On February 8, 2022, Haliburton, Buddy Hield, and Tristan Thompson were traded to the Indiana Pacers in exchange for Domantas Sabonis, Justin Holiday, Jeremy Lamb and a 2023 second-round pick. At the time of the trade, Pacers coach Rick Carlisle referred to Haliburton as "an elite young point guard that affects the game positively in many, many ways". Pacers president Kevin Pritchard stated that the team intended on building around Haliburton as its long-term centerpiece. The acquisition was regarded as a steal for the Pacers by Sports Illustrated.

On February 11, Haliburton made his Pacers debut in a 120–113 loss to the Cleveland Cavaliers, logging 23 points in addition to six assists, three rebounds, and three steals. Five days later, Haliburton recorded 21 points and 14 assists in his first win with the Pacers, defeating the Washington Wizards 113–108. Haliburton participated in the NBA's 2022 Rising Stars Challenge alongside teammate Chris Duarte. Haliburton and Desmond Bane were the winners of the 2022 Clorox Clutch Challenge at the NBA All-Star Weekend.

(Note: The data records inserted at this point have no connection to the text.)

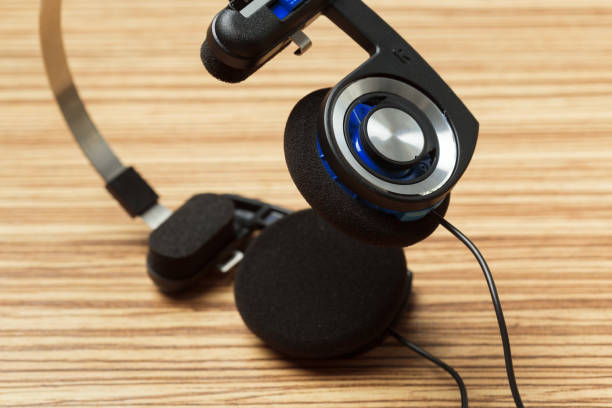 istock headphone on wooden table 1142788252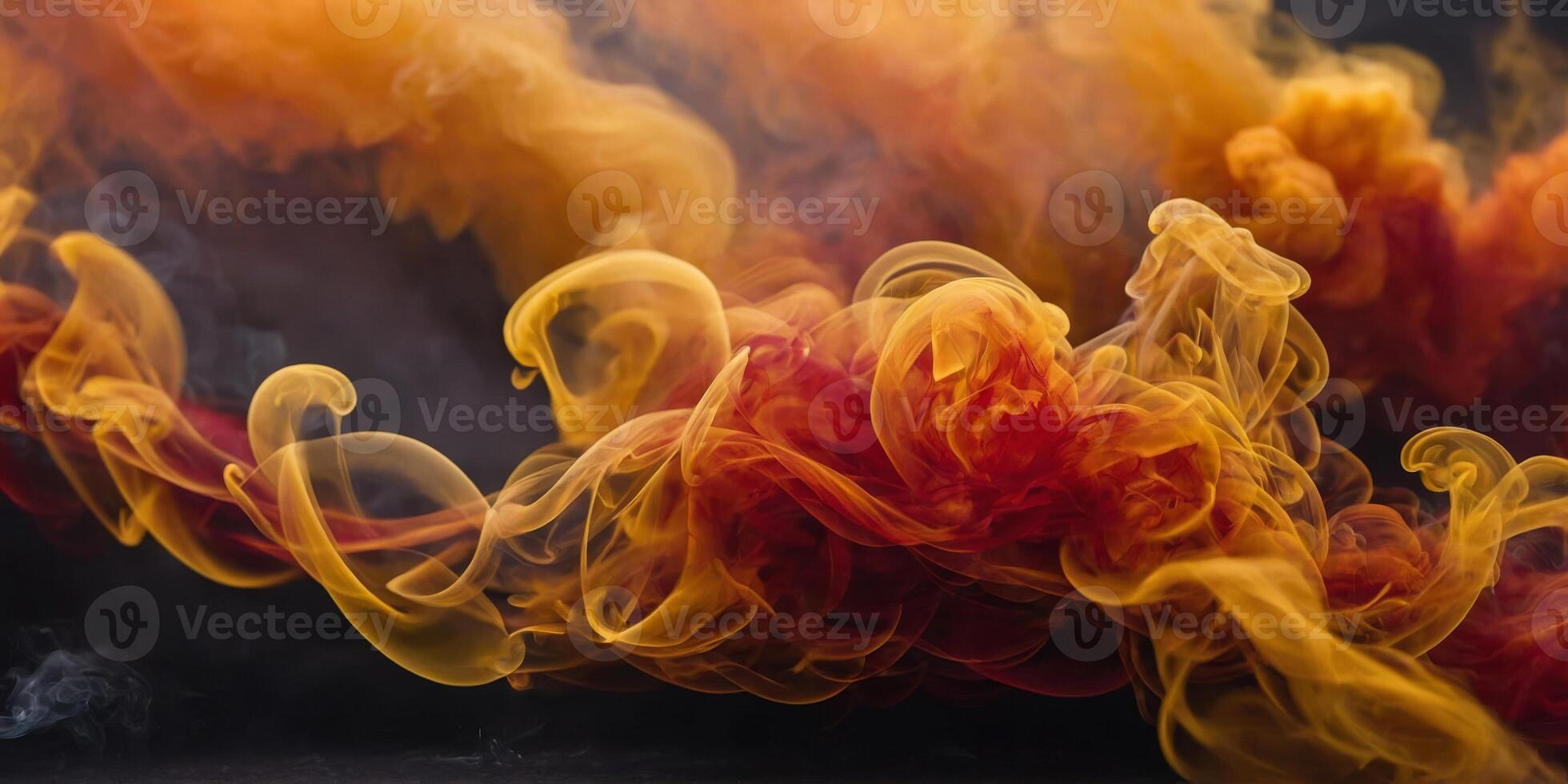 Fiery red orange and yellow smokes intertwine and blend together in a fiery and dramatic display. photo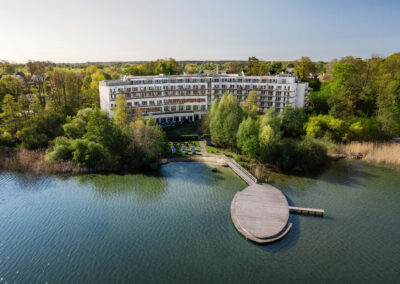 Weitblick von leicht schräg oben von oben auf die Hotelanlage mit See und Bootssteg.
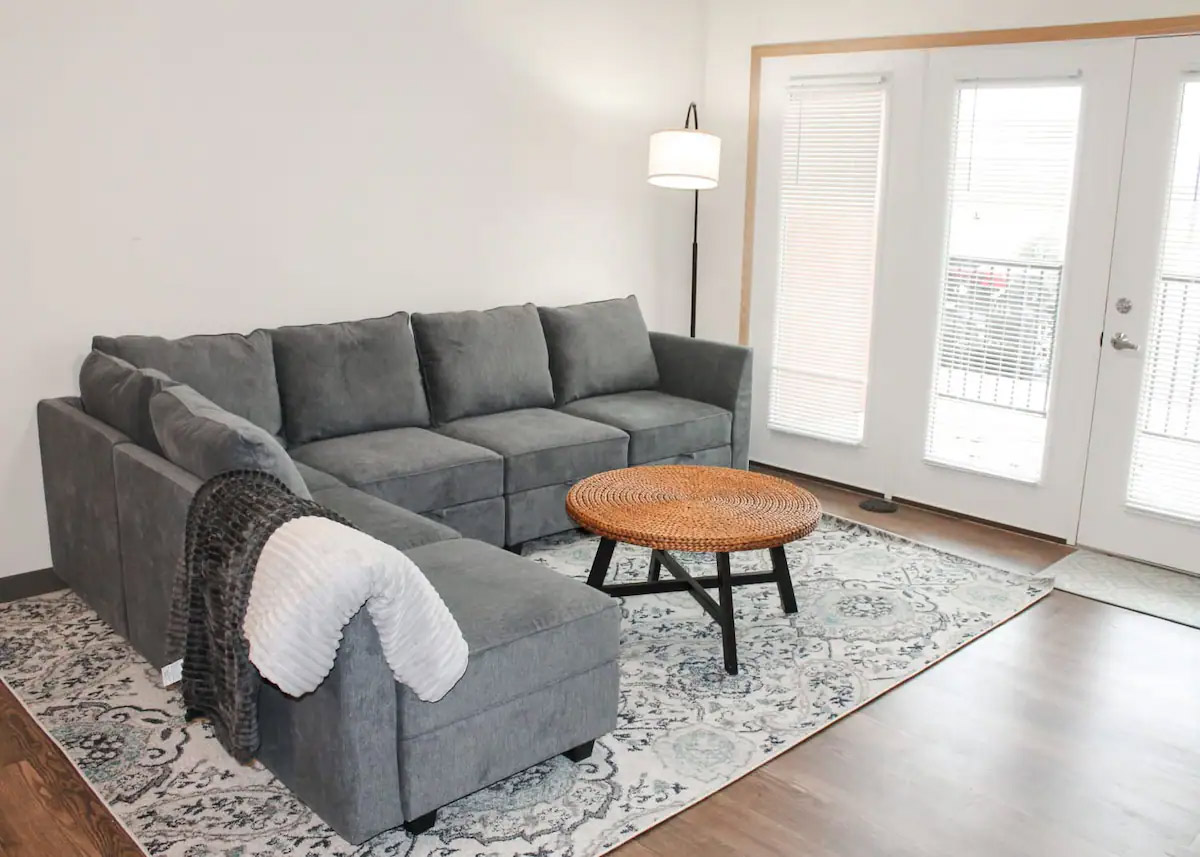 A modern living room with a gray sectional sofa, a round wicker coffee table, a floor lamp, and large windows with blinds letting in natural light.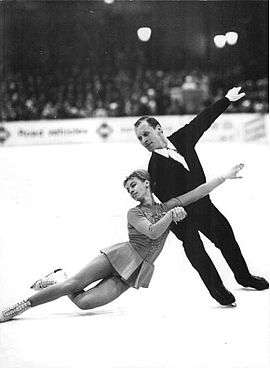 Two people are in a figure skating spin, the man is upright on the left, spinning the woman around himself.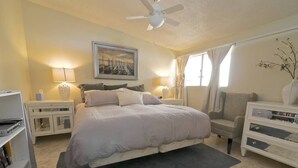 A bedroom with a bed, bedside tables, a bookshelf, a chair, a ceiling fan, and a window with curtains.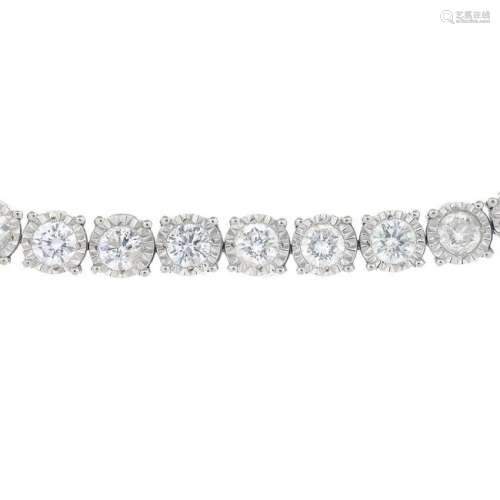 A diamond line bracelet.Total diamond weight 5.71cts,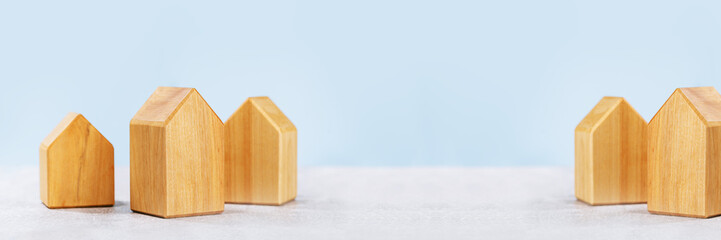 mortgage calculator or real estate business concept. Office desk with a white and wooden houses....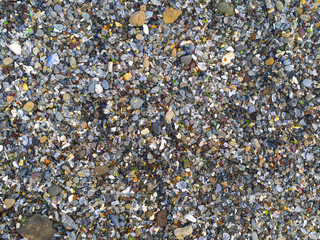 Polished glass pieces in the rocks at Glass Beach near Fort Bragg, California. Top down view.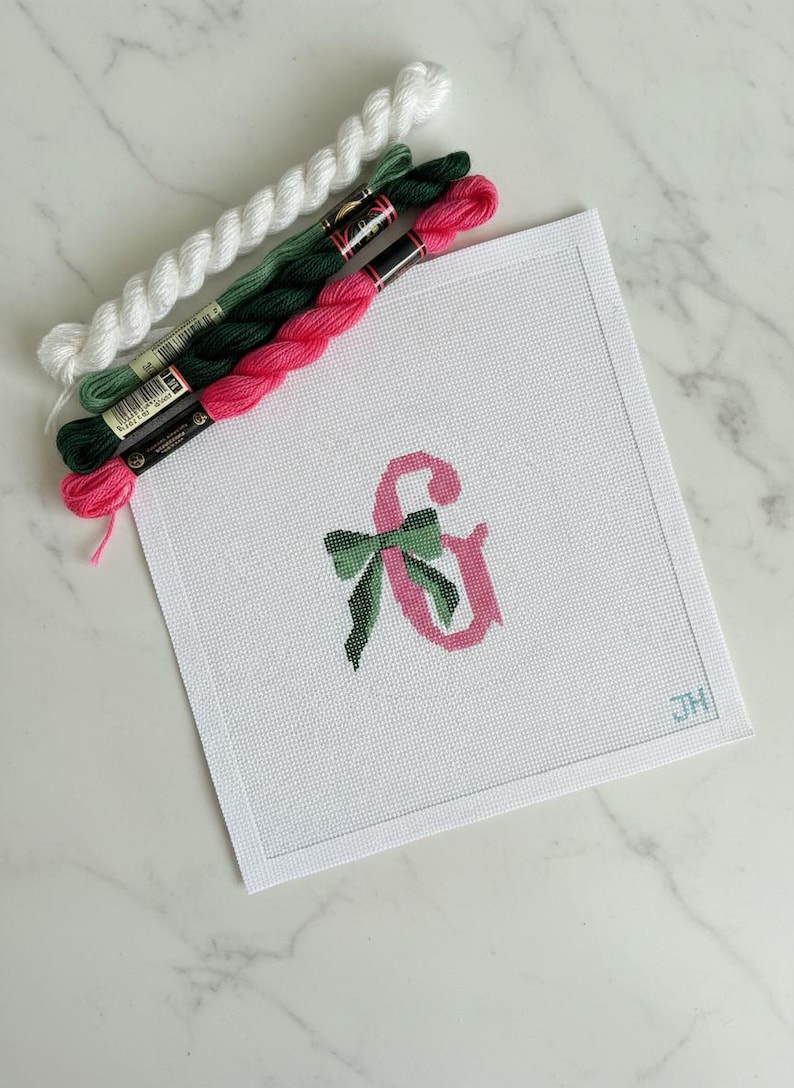 May include: A white needlepoint canvas with a pink ampersand and green bow design. Strands of white, green, and pink embroidery floss are arranged above the canvas. The canvas has a stitched border and the initials "JH" in the corner.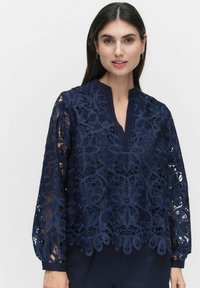 Granatowa koronkowa bluzka z kwiatowymi wzorami, dekoltem w kształcie litery V i długimi rękawami. Materiał jest półprzezroczysty, ukazujący skomplikowane wzory.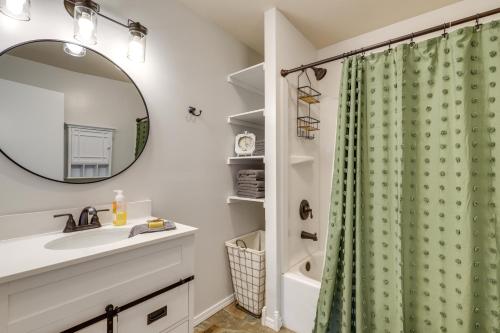 a bathroom with a sink and a shower curtain at Countryside Hideaway in Greeneville with Fire Pit! in Greeneville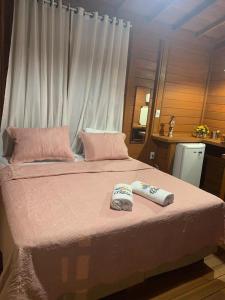 Una cama con dos toallas encima. en Pousada BANGALÔS SOL DE LAGOINHA, en Paraipaba
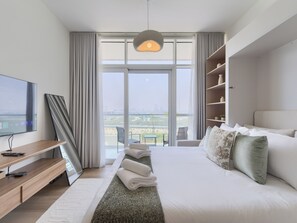 Estudio Deluxe, balcón, vista a la ciudad | Área de sala de estar | Smart TV de 55 pulgadas con canales digitales 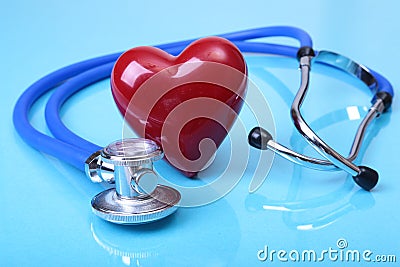 Medical stethoscope and red heart on blue mirror background. you can place your text. Stock Photo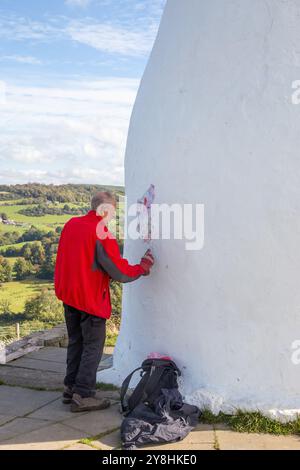 Ein Freiwilliger repariert White Nancy, einen Mann, der auf dem Gritstone Trail auf der Spitze des Kerridge Hill mit Blick auf Bollington, Cheshire, gebaut wurde Stockfoto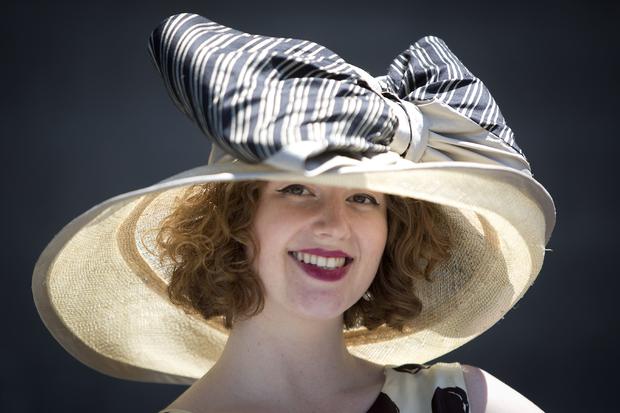 Kendall Owings poses for a portrait with her hat before the 146th running of the 2014 Belmont Stakes in Elmont, New York, June 7, 2014. 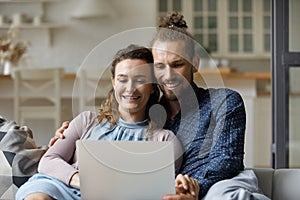 Smiling millennial family couple using computer at home.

On March 8, Haliburton scored 25 points in a 127–124 loss to the Cavaliers. He scored another 25 points in a 131–128 loss to the Atlanta Hawks five days later. On March 23, in the first game against his former team, Haliburton recorded 13 points, 15 assists and three steals in a one-point loss to the Sacramento Kings. Five days later, he recorded a 25-point, 13-assist double-double in a loss to the Hawks.

On April 1, Haliburton scored 30 points against the Boston Celtics, but was fouled out in the fourth quarter, leading to a 128–123 loss. Two days later, Haliburton tallied a near triple-double with 19 points, 17 assists, nine rebounds and no turnovers against the Detroit Pistons, recording the most assists in a game by a Pacer since T. J. McConnell in the 2020–21 season. In the 26 games he played for Indiana after the trade deadline, Haliburton averaged 17.5 points and 9.6 assists.

====2022–23: First All-Star selection====
During the offseason, Haliburton worked on improving his game and his chemistry with the rest of the Pacers roster. On November 21, Haliburton was selected Eastern Conference Player of the Week, leading the Pacers to a 3–0 record while averaging 21 points, 11 assists and four rebounds per game. Eight days later, Haliburton became the first player in NBA history to record 40-plus assists and no turnovers in a three-game stretch, averaging 20 points, 13.3 assists, six rebounds and 2.3 steals per game. On December 23, Haliburton made a game-winning three-pointer and finished with a then-career-high 43 points on a Pacers franchise-record 10 three-pointers along with seven assists in a 121–118 victory over the Miami Heat.

In early 2023, Haliburton missed two weeks due to elbow and knee injuries, with the team going 1–9 in his absence. In his return on February 2 against the Los Angeles Lakers, Haliburton tallied 26 points, 12 assists, and two steals in a narrow 112–111 loss. Haliburton was named to his first-ever NBA All-Star Game in 2023 as a reserve guard for the Eastern Conference, recording 18 points, three assists and a rebound. Haliburton and teammate Buddy Hield were selected to participate in the 2023 NBA Three-Point Contest, where they both lost in the finals to Damian Lillard. On March 5, Haliburton made his second game-winning three-pointer of the season in a 125–122 victory over the Chicago Bulls, finishing with 29 points on 11 of 17 field goals along with 11 assists. The next day against the Philadelphia 76ers, Haliburton posted his 30th double-double of the season with 39 points and 16 assists, becoming the first player in Pacers franchise history to record 30-plus points and 15-plus assists in a single game. On March 9, Haliburton scored 29 points while dishing out a career-high 19 assists in a 134–125 overtime victory over the Houston Rockets.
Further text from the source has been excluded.